Im Licht

Fünf Monate Pfarrer – bald ist es ein halbes Jahr, dass ich in diesem für mich neuen Beruf arbeite.

Im Schatten
In diesem Beruf bin ich plötzlich eine öffentliche Person, aber ich fühle mich nicht immer in „Vorzeigeform“. Ich trage ungelöste Fragen mit mir herum. Meine erste Reaktion ist dann oft, mich wegzuwenden, um mein Privatleben zu schützen.

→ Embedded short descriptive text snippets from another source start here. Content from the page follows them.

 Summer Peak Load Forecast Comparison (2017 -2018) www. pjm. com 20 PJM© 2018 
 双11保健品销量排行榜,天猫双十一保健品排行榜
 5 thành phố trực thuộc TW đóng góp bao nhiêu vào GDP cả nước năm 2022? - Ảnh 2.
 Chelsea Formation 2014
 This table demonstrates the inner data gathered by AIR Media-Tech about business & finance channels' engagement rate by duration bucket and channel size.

In diesem öffentlichen Beruf werde ich plötzlich viel intensiver mit meinem „Schatten“ konfrontiert. Wo ich so viel von mir öffentlich zeigen soll, spüre ich plötzlich, wieviel von mir ich eigentlich gar nicht vorzeigen will. Es sind Seiten an meinem Charakter und Erfahrungen aus meinem Leben, von denen ich früh gelernt habe, sie abzulehnen.

In Vorzeigeform
Und es gibt auch Stimmen in der Kirche, die von einem Pfarrer stellvertretende Perfektion erwarten. Er soll verkörpern, was er verkündigt, andernfalls ist er unglaubwürdig. Daher geht es hier nicht nur um den „Schatten“, es erfordert nicht nur eine psychologische, sondern auch eine theologische Antwort.

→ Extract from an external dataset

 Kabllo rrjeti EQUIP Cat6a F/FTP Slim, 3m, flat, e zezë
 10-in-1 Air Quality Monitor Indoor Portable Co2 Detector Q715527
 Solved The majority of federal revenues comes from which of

Einverstanden: Ich will verkörpern, was ich verkünde. Aber die Bibel zeigt uns die Kirche nicht als eine Elite von „Perfekten“, im Gegenteil: Gerade die Blinden und Lahmen sind eingeladen, an die Mühseligen und Beladenen geht der Ruf. Kirche ist in der Bibel keine Gemeinschaft, die schon am Ziel wäre, sie ist auf dem Weg. Darum sind wir – biblisch gesprochen – immer in Vorzeigeform. Wir können immer Rechenschaft geben über unser Leben, auch wenn wir nicht im Erfolg schwimmen und uns nicht einbilden, dass wir unser Leben „im Griff“ hätten. Wo wir in aller Schwäche hoffen, glauben und vertrauen, da sind wir wahre Christen.

 

(Aus dem Buch „Geborenwerden, wachsen und reifen, Notizen 1992 – 1998.